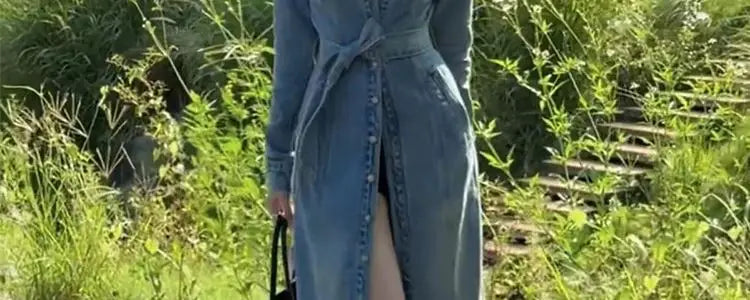 Retro Denim Long Coat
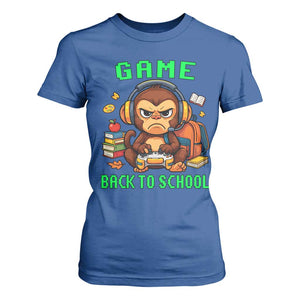 Funny Video Game T Shirt For Women Cute Monkey Back To School TS14 Royal Blue Print Your Wear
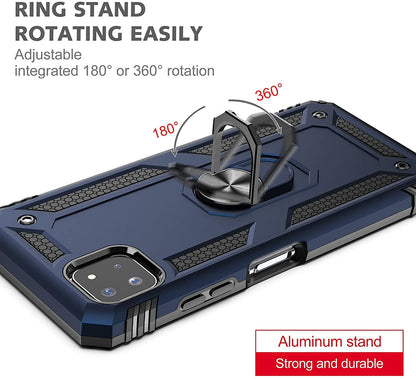 BestMX Funda para Samsung Galaxy A22 (5G Version) Case + Protector de Pantalla de Cristal Templado + Lens Mica, Híbrida Rugged Protección Dual Layer Bumper Carcasa con Pie De Apoyo, Azul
○ ○ ○ ○ ○
§ Assignment: The answer must be an exact copy of the lines from the one with "Funny Video Game" through the final line above, both ends included, and nothing else; pictures stay out.

§ Answer to this task:
 Funny Video Game T Shirt For Women Cute Monkey Back To School TS14 Royal Blue Print Your Wear
 BestMX Funda para Samsung Galaxy A22 (5G Version) Case + Protector de Pantalla de Cristal Templado + Lens Mica, Híbrida Rugged Protección Dual Layer Bumper Carcasa con Pie De Apoyo, Azul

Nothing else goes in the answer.